Josh Ozersky

The Four Kinds of Burgers at the Burger Bash

I always love the Burger Bash, and though this year I missed my little sister (Whoopi Goldberg subbed in as host because of a scheduling conflict) it was still pretty great.

For some reason, one I haven’t been able to easily fathom, I haven’t been invited to judge the even tin recent years. But that only gives me greater freedom to survey the state of the burger as represented here. It’s true that the event is highly New York-centric: some of the most celebrated hamburgers in the US aren’t here. And some of the best ones from past years didn’t come back: I especially missed the monumental El Doble, a towering confection of aged beef and raw sheep’s-milk cheese created by Alex Raij of Txikito. My love of that burger was the exception rather than the rule, though. Burgers at the Bash tend to fall into one of three categories. There are the baroque thought-bombs, chefly creations that baffle the senses even of their creators, and which frequently include such ingredients as spanish ham fat and kim chee. There are the back-to-basics burgers, which invariably feature soft white or potato buns, American cheese, and either bacon or the dreaded lettuce / tomato combo, but often elevatyed in some way (aged beef, arugula instead of lettuce, etc.) A third apporach is a kind of hybrid, in which the traditional elements are all there, but boosted with some kind of left-field topping, like the pastrami that Michael Symon plopped on top to win the Miami event last year, or the pulled pork Daniel Boulud put on his DBGB burger. I know these sound bad, and they usually are, but they can be pretty great. The DBGB “piggy” is just much, much better than it should be.

The burgers were uniformly excellent at the burger bash, with only a few chefs turning in stinkers. But the problem was in eating the same burgers, over and over. Unless you are as high as Wavy Gravy, I can’t see how anybody could be hungry enough to enjoy a seventh burger after having just eaten six. And yet we keep doing it. Because the idea of having so many chefs – real chefs, not corporate chefs or hotel chefs or QSR operations guys – doing burgers is just electrifying. But I would recommend a few changes to make the event better.

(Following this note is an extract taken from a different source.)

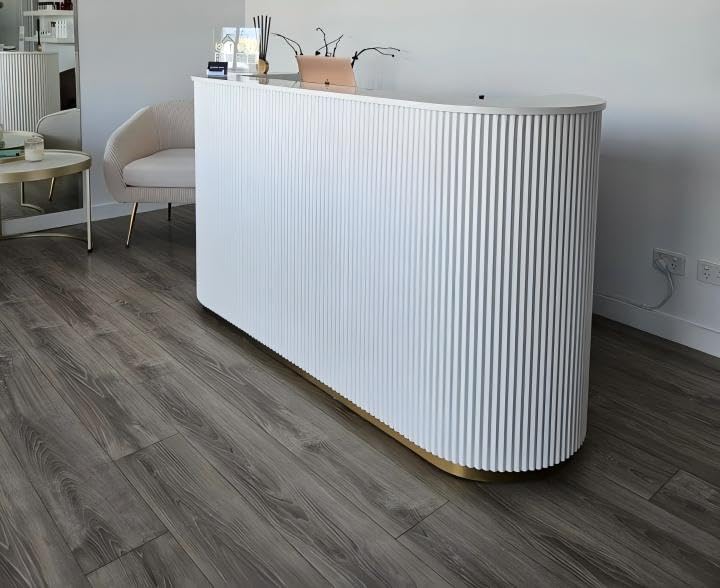 M2 Retail Reception Desk, White Upgraded Reeded Front Counter for Beauty, Spa, Nail, Hair Salon, Lobby, 1800 * 600 * 1000mm (71 * 24 * 39'') M2 Retail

1.  Bring in the best burgers from around the country! There are some great ones that never make it to New York, and the New York burger bash should be the mother of all hamburger contests. Who wouldn’t want to try some of the celebreated out of town burgers, such as those from The Father’s Office in Santa Monica, Le Tub in Hollywood Florida, or the mighty In-and-Out burger with its cult following? This is a no-brainer to me.

2.  Limit the number of traditional burgers. This is a hard one for me to suggest, since I am totally against any form of innovation or creativity when it comes to burgers, but this event, for all its greatness, has become somewhat homogeneous. It goes without saying that no hamburger will ever win that doesn’t have American cheese and a squishy bun, so create an award for a “gourmet” or “specialty” burger. And divide up the field between the two.

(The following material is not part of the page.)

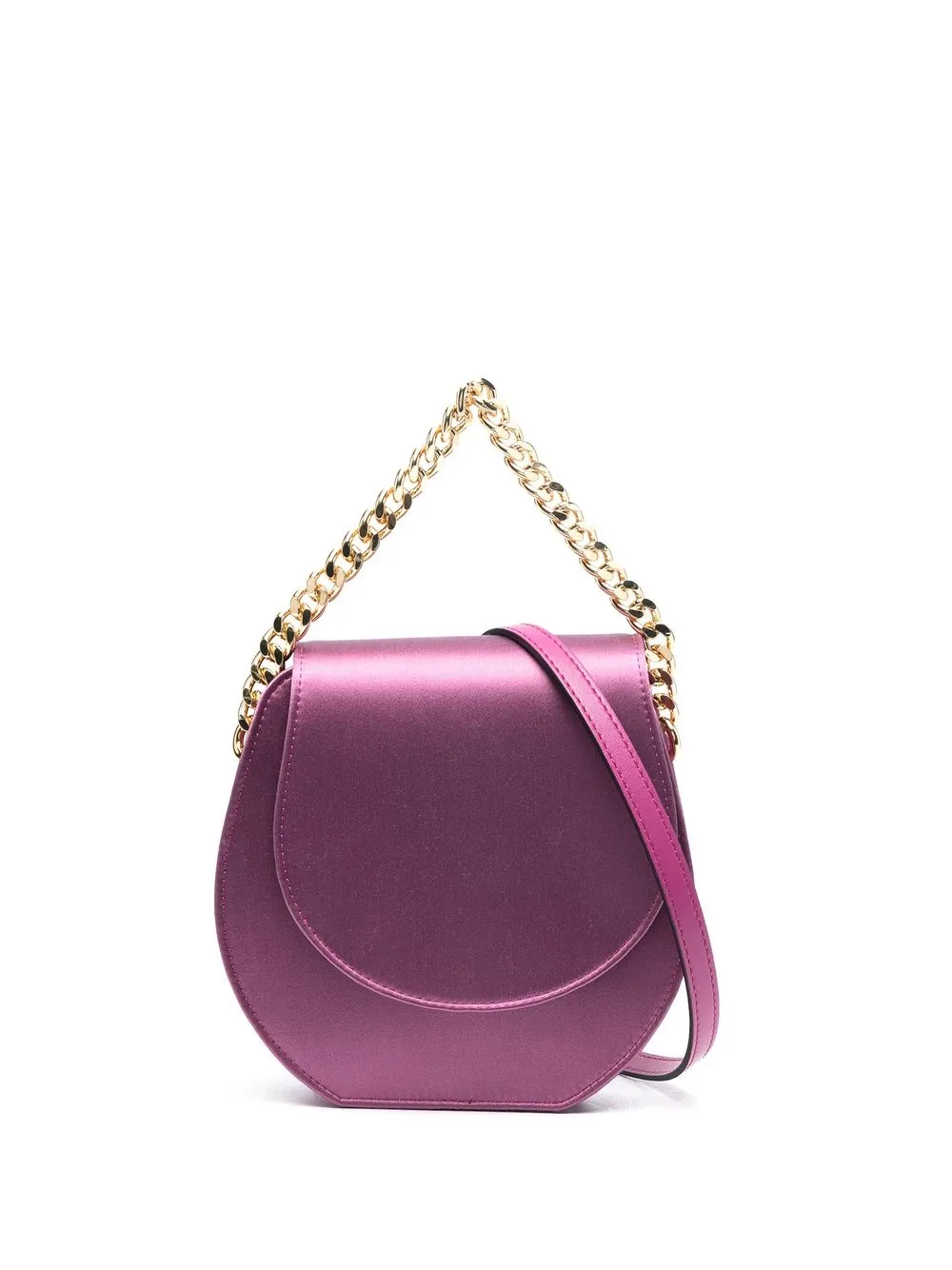 Alberta Ferretti Round Logo-plaque Crossbody Bag In Pink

3.  Don’t give out cut-up burgers. A hamburger is not a pizza. You’re not supposed to start it from the inside. You’re supposed to get that first bite from the edge, where both bun and beef are crusty – not their eviscerated interiors. Just make the burger smaller. Everybody’s only going to eat a bite anyway.

4. Bring back Josh Ozersky as a judge! Nobody loves the Burger Bash more.

One Response to “The Four Kinds of Burgers at the Burger Bash”

  1. Craig Lieske says:

    It was like seeing Kansas, and not having the band play “Dust in the Wind.”